Arzneimittel-Mikronährstoffe

Diuretika und Vitamin B1

Supplementierung verbessert die Herzfunktion

Bei Patienten, die aufgrund einer Herzinsuffizienz mit einem Diuretikum (z. B. Furosemid) behandelt werden, kann die Herzfunktion durch eine hochdosierte Vitamin-B1 -Supplementierung verbessert werden. Darauf weisen erneut die Ergebnisse einer klinischen Studie hin, die in der Schweiz durchgeführt wurde.

Mit 3 bis 8 μg/g weist der Herzmuskel den höchsten Gehalt an Thiamin (Vitamin B1) im menschlichen Körper auf. Bei Patienten, die wegen kardiovaskulärer Erkrankungen (z. B. Herzinsuffizienz) Furosemid erhielten, konnte anhand eines signifikanten Abfalls der erythrozytären Transketolase (ETK)-Aktivität im Vollblut ein Thiaminmangel nachgewiesen werden. Andererseits verbesserte die Gabe von Thiamin (200 mg tgl., i. v.) bei Patienten, die aufgrund einer Herzinsuffizienz mit dem Diuretikum Furosemid behandelt wurden, nicht nur die laborchemischen Marker eines Thiaminmangels, sondern auch die linksventrikuläre Ejektionsfraktion (LVEF) des Herzmuskels.

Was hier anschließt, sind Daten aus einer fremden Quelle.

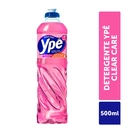 Lava-Louças  Líquido Ypê Clear Care - Rosa - 500Ml - Toque Suave - Detergente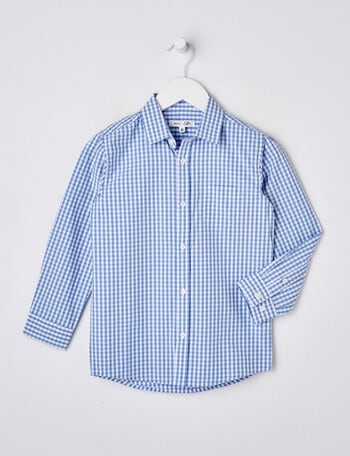 Mac & Ellie Formal Long Sleeve Shirt, Blue product photo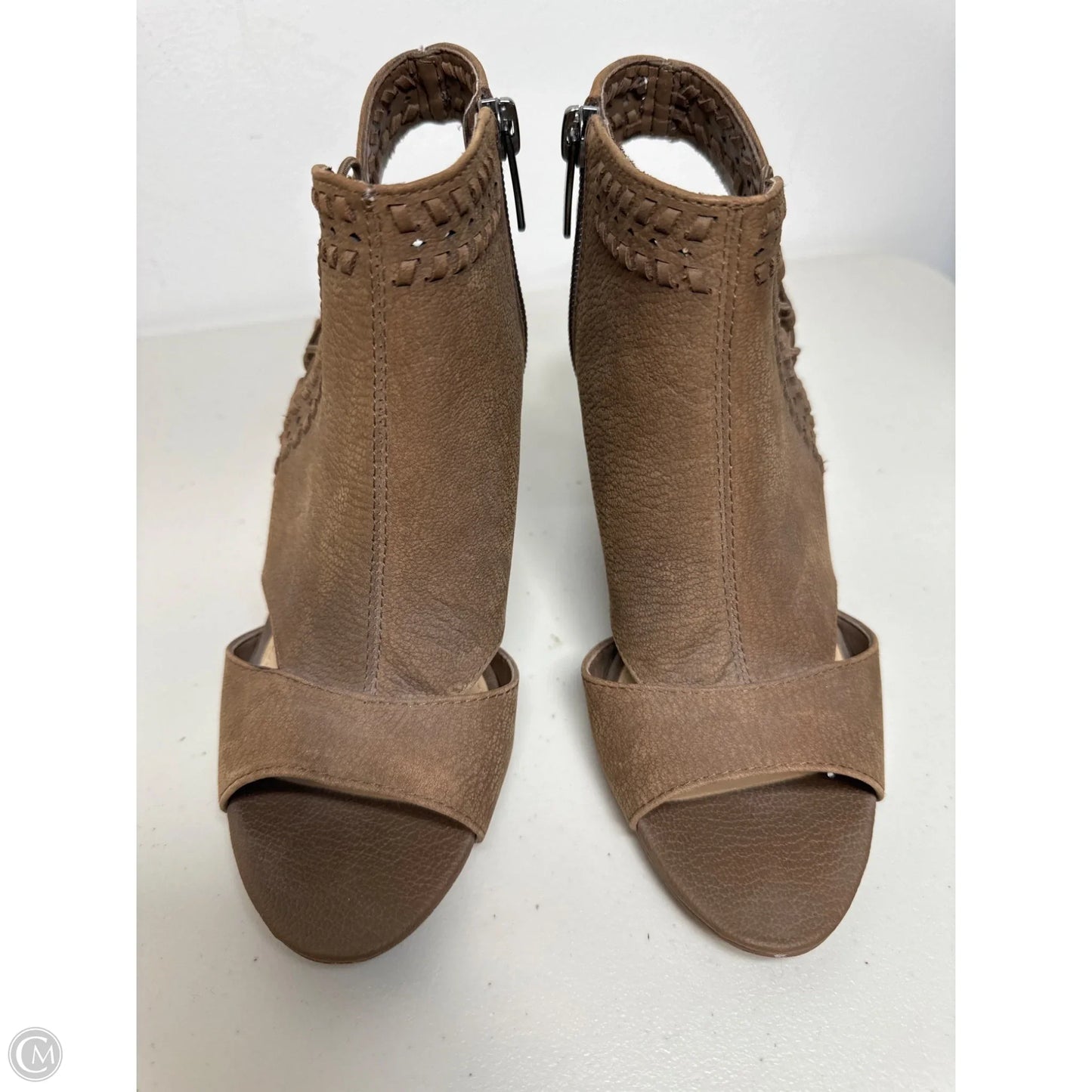 Sandals Heels Block By Vince Camuto In Brown, Size: 6.5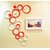 NAWAB 3D Acrylic  RED WHITE wall dcor for office  home pack of 20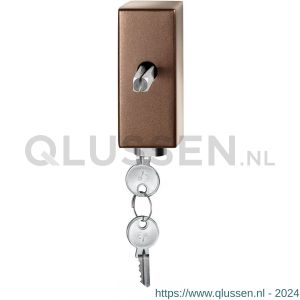 GPF Bouwbeslag Anastasius 9252.A2.0060 draaikiepmechanisme afsluitbaar SKG*** rechthoekig 83x34x31 mm met stift binnenzijde 65 mm Bronze blend GPF9252A20060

Thiamin hat eine zentrale Bedeutung für die energetische Verwertung von Kohlenhydraten im Rahmen des mitochondrialen Energiestoffwechsels. Allerdings besteht unter den B-Vitaminen vor allem für Thiamin aufgrund seiner geringen Speicherkapazität (25 – 30 mg) und hohen Umsatzrate das Risiko, in einen kritischen Bereich abzusinken. Ein latenter Thiaminmangel ist dementsprechend weit verbreitet [1].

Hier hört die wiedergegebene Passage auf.